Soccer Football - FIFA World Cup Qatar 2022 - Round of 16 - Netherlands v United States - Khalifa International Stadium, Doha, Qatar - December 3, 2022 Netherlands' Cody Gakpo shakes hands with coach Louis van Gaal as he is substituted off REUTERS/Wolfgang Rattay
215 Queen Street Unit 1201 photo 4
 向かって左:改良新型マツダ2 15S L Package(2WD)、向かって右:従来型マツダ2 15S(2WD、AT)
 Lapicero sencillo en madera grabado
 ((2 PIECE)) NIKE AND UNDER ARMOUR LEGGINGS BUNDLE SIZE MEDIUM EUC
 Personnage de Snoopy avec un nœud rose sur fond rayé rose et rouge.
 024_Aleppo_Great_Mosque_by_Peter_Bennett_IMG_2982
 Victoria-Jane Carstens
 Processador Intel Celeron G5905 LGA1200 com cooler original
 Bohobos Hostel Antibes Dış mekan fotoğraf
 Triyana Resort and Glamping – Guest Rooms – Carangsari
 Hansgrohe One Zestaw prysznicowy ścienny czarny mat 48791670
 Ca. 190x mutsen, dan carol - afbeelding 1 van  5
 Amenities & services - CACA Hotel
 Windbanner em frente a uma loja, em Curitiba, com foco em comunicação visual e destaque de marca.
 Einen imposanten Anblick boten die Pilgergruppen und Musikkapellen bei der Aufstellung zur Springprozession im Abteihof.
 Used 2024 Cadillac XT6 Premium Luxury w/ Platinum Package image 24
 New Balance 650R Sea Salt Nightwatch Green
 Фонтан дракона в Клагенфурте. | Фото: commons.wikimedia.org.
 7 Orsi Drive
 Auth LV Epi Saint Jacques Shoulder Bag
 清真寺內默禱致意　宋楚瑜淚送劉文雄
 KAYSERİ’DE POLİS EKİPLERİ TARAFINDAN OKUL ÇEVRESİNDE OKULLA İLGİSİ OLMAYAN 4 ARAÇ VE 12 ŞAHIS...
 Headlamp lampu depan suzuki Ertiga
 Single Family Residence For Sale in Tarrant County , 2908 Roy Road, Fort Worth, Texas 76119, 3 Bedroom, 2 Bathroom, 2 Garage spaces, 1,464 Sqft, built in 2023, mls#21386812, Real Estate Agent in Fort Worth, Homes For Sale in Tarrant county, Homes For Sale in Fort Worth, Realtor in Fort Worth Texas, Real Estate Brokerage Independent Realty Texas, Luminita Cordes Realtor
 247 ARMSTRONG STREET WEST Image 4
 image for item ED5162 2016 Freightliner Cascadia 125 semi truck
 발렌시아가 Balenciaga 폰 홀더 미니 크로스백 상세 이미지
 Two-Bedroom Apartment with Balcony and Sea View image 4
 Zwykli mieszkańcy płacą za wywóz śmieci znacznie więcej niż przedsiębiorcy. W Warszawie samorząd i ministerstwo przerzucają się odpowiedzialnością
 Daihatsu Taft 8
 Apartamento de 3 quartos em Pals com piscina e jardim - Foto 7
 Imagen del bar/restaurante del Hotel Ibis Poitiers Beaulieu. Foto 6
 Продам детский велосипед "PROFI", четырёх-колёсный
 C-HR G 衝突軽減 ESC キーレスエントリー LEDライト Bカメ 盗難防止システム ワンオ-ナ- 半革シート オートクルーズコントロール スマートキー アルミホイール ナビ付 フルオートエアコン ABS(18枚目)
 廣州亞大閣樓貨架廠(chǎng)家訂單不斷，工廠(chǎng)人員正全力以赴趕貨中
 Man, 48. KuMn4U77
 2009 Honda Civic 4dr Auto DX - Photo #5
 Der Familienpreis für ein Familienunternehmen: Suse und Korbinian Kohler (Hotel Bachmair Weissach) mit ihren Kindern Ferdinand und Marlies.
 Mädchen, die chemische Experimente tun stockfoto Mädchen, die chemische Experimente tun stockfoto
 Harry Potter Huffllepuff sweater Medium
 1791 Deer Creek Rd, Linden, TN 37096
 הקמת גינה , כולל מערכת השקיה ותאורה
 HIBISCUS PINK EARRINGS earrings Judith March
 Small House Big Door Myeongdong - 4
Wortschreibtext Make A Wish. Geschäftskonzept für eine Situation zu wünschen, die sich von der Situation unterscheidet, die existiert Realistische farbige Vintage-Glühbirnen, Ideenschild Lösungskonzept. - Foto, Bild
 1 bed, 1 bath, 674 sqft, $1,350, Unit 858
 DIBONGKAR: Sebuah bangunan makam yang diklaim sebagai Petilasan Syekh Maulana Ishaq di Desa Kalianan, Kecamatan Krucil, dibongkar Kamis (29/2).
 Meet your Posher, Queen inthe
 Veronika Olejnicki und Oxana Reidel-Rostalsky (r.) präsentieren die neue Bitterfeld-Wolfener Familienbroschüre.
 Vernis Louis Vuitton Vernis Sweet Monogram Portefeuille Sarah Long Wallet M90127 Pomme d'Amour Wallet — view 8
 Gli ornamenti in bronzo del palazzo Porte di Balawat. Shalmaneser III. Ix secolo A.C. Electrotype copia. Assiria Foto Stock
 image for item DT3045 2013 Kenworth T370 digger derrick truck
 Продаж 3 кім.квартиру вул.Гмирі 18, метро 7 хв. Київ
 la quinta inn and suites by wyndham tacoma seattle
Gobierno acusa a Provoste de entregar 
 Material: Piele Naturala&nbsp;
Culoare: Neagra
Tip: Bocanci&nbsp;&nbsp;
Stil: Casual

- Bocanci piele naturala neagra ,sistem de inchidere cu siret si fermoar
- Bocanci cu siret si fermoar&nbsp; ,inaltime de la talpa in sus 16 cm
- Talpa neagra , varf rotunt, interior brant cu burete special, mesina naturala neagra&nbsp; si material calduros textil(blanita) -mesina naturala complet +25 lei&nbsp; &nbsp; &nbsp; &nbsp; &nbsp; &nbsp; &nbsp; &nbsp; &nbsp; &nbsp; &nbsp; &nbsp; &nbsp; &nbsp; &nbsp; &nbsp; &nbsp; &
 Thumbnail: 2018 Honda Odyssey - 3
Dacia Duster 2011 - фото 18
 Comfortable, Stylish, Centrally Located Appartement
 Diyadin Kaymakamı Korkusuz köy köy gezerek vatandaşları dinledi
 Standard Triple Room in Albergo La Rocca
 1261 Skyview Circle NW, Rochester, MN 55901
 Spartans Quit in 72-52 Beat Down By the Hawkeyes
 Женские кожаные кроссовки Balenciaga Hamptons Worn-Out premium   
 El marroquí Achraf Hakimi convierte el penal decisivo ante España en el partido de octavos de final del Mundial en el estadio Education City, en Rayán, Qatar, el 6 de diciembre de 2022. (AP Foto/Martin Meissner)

> [EXERCISE PROMPT]: Could you return exactly the stretch of the data above that starts at the line with "((2 PIECE)) NIKE" and ends at the line with "Bohobos Hostel Antibes Dış mekan fotoğraf", both lines included?

> [ANSWER TO THE EXERCISE]:
 ((2 PIECE)) NIKE AND UNDER ARMOUR LEGGINGS BUNDLE SIZE MEDIUM EUC
 Personnage de Snoopy avec un nœud rose sur fond rayé rose et rouge.
 024_Aleppo_Great_Mosque_by_Peter_Bennett_IMG_2982
 Victoria-Jane Carstens
 Processador Intel Celeron G5905 LGA1200 com cooler original
 Bohobos Hostel Antibes Dış mekan fotoğraf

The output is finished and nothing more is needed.